Since fuel cells create water as a byproduct wouldn’t a hydrogen economy just switch what greenhouse gases we are producing? It has taken about 250 years of constant fuel from coal, oil, natural gas and automobiles to push the ppm concentration of CO2 up by 100 ppm from about 280 to 380. Is the effect of fuel cells on water vapor levels too negligible to actually do any climate damage? Or would it not matter since we’ll probably be getting the hydrogen from water anyway and just readding it to oxygen in the fuel cell to get the original water back? What if we get the hydrogen from fossil fuels then combine it with oxygen, will that affect the climate in anyway or are the levels of new water vapor going to be too low to matter?
It will, of course, and contribute in a minor way to global warming. However, water vapor, while a major greenhouse gas, has one advantage over the other potential combustion products: a given portion of the atmosphere saturates with it, and when it exceeds the load level, it is precipitated out in liquid or solid form that is effectively non-polluting.
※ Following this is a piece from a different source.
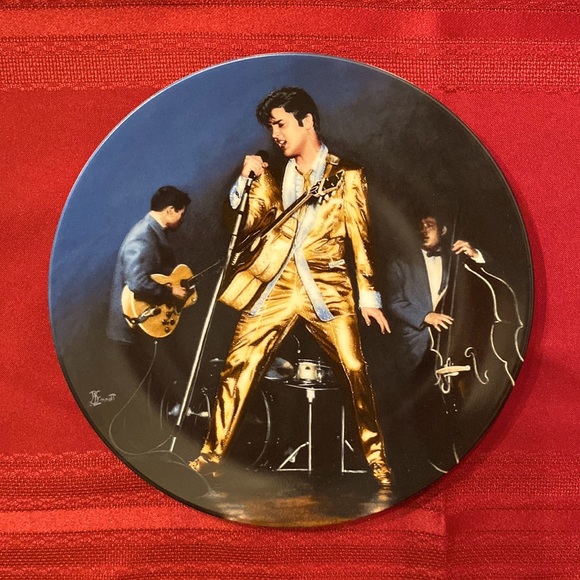 Elvis Presley: Looking at a Legend Delphi Collector Plate - 8 1/2” - Picture 1 of 7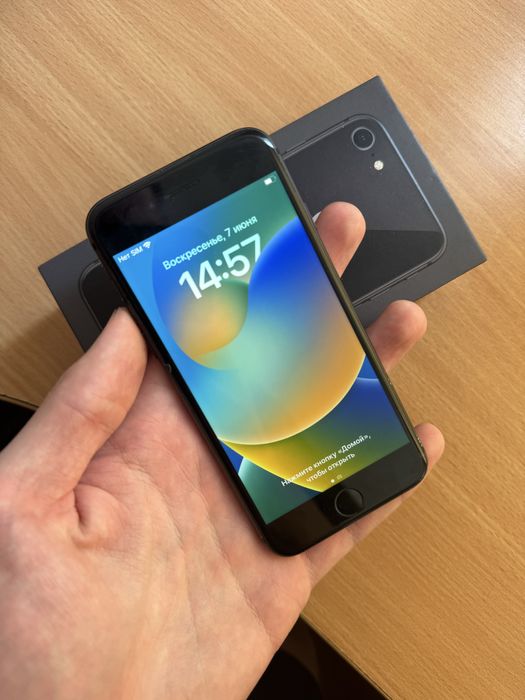 Apple Iphone 8 64 GB Space Gray  в гарному стані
You may have experienced the phenomenon.
Note that, of the other problem gases, CO2 is removed on a much slower cycle, being either taken up by plants or deposited as carbonate rock, and NOx and SO2 tend to mix with water vapor to produce acid rain and, at its worst, low-pH acidic watercourses. (Prince Brook, in the Town of Osceola, NY, at the height of the acid rain problem had a pH of 2.1 during spring runoff, about the same as concentrated acetic acid or standard-dilute HCl.
The point, of course, is that in some way, energy must be produced to meet human needs for it, and, save for nuclear and solar power and batteries, this is likely to result in combustion byproducts. Hence, the value of a hydrogen economy is that its combustion product is one the ecosphere already processes quite efficiently without harm.
That’s rain or snow, right? The way you put it, it almost sounds as if water is in some sort of dynamic equilibrium between the solid, liquid and vapor phases. :eek:
I remember a previous thread where it was calculated that the total sum of human contribution to water vapour paled in comparison to natural fluctuations.
I believe this is the point where someone makes the obligatory observation that hydrogen is not, in fact, a way of producing energy, so much as storing it. I guess that person is me, this time. To produce usable hydrogen, we either need to dissociate it directly from a fossil fuel, such as natural gas, which produces CO2, or electrolyze water, which requires electricity from some other source.
I asked a similar question and, IIRC the answer was that the water evaporating out of swimming pools was greater than would be produced by a hydrogen society.
And one extension of that point is that if you make hydrogen by electrolyzing water, you are removing the water from the enviroment before you replace it via combustion. If you get the H2 by alchohol reformation, then the plants you grew to make the alchohol similarly removed the water from the enviroment.
Another factor is that you don’t burn stuff in a fuel cell, you convert the chemical energy to electric energy without having to go through the ‘heat’ step in the middle.
Energy conversion from one form to another can approach 100% except from heat to another form, which has inhertant inefficienies and you are lucky to get 50%, much less in a car.
So in that context you will ‘react’ less hydrogen then if you burnt it in a IC engine., also since the heat is not necesserally needed, the water vapor formed can be condensed into a liquid.